Data-as-a-Service: Solution Architecture Part II
Jack Corsello
Sustainability and Software Product Leader: SaaS and AI Data Platforms | Advisor | Ex-Hitachi, Salesforce, Yahoo! and Netscape Communications
Customer Capabilities: Part II on DaaS Solution Architecture
"Firms that embrace big data concepts, open data, and adopt new adaptive intelligence approaches are creating next generation smart systems that overcome limitations and create disruptive business innovations.”
- Forrester Research: "Top Technology Trends for 2014 & Beyond"
The 2nd layer of a robust commercial Data-as-a-Service (DaaS) solution architecture comprises a number of key data management capabilities that are bringing to life the powerful value of DaaS for enterprise customers - deep, accurate data within the key applications used daily, driving deeper insights and competitive agility. As I noted in my earlier piece on the arrival of DaaS as the next major enterprise Cloud category, these features utilize many of the best well-established Master Data Management (MDM) practices that have, for many decades, advanced reconciling, classifying and enhancing the quality of data sets company-wide.

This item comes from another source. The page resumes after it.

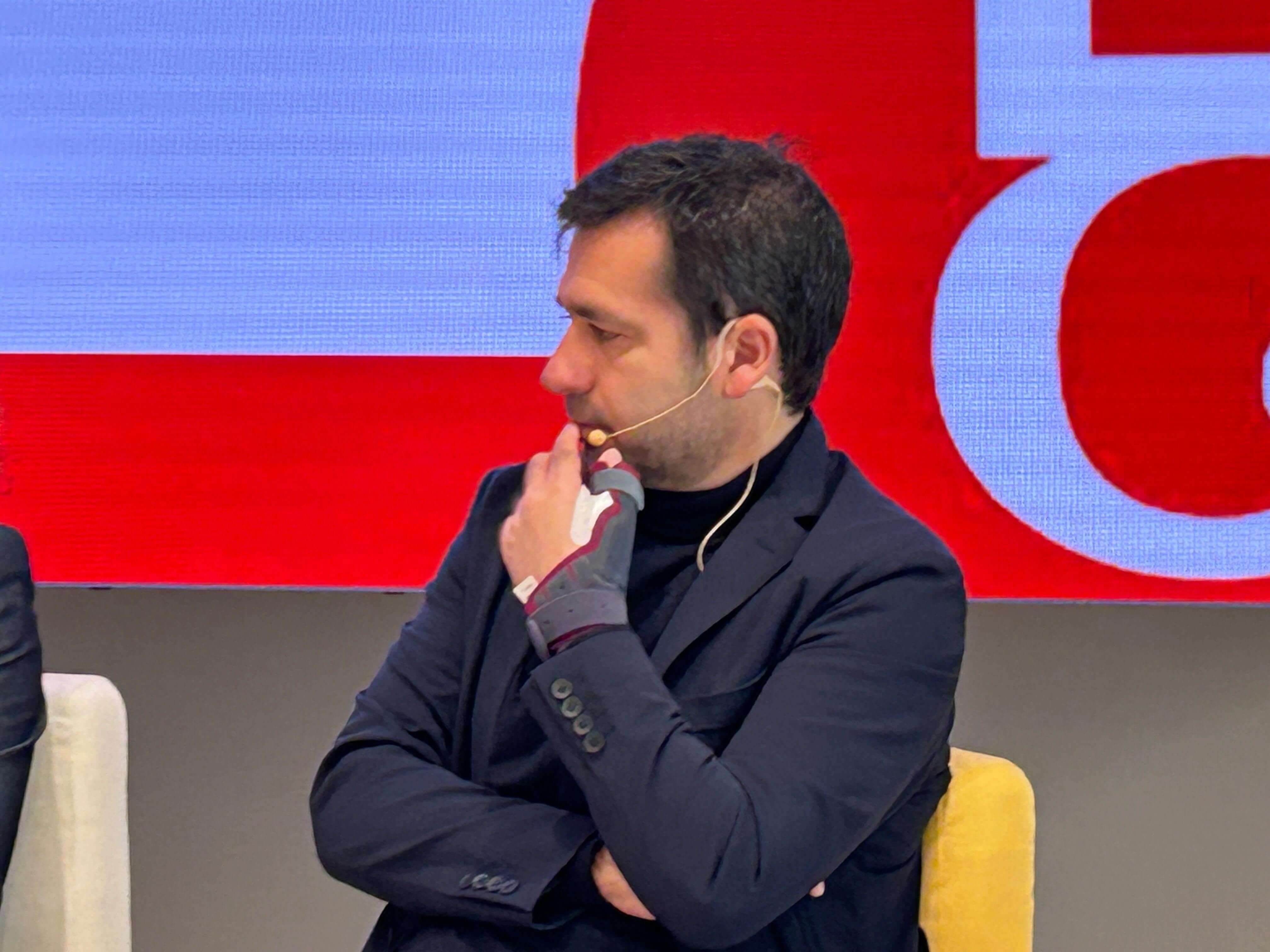  Fernando Roig Negueroles, en la mesa colegio de economistas sobre la fiscalidad y el fútbol.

DaaS Platform Layer II - Customer Features
DaaS data management services build upon and tightly integrate with the DaaS Layer I Feature Set for External Data Providers that I outlined in a previous post. Flexible data provider on-boarding & update tools, configuration & mapping for a consistent data dictionary and an advanced matching engine are all part of this "Layer I". These customer-focused Layer II capabilities include but are not limited to the following:
- Data Standardization
To achieve this essential data consistency & trustworthiness, each standardization service needs to specifically tuned to the data domain it's addressing - name, address (and its many sub-elements) and financial data, to name just a few. This attunement requires specific referenced dictionaries, as well as robust fuzzy matching & data cleaning. Done well, this lays the groundwork for then achieving higher match rates between the existing and DaaS-provided data sources. - Search & User Interface Framework(s)
Search, which is invoked by the users tied to the requesting marketing, sales, service & analytics applications, must be optimized for both the canonical data category taxonomy for all hosted data source providers I noted for DaaS Layer I for Data Providers, as well as retrieving the data values within. And to serve key business personas well, the DaaS UI must provide intuitive, rich faceted filtering controls to provide back exactly the targeted data sets these time pressed users are seeking. - Match, Append & Clean - The True Power of DaaS, Unchained
These are the customer services that invoke the robust matching engine (mix of probabilistic controls & deterministic algorithms) that lies within the Layer I of a commercial DaaS offering.
It's critical that these services provide the interfaces & controls which ensure that consuming application users adhere strictly to their respective Data Governance policies & rules:
What are the matching confidence level thresholds (Example: 1-10 scale) at which cleaning updates of existing customer data with the invoked DaaS sourced data is allowed? What about allowing the appending of these existing sets for enrichment purposes? These services need to provide an intuitive, "staged" review of results for these actions before they are executed, again in adherence to the Data Governance controls.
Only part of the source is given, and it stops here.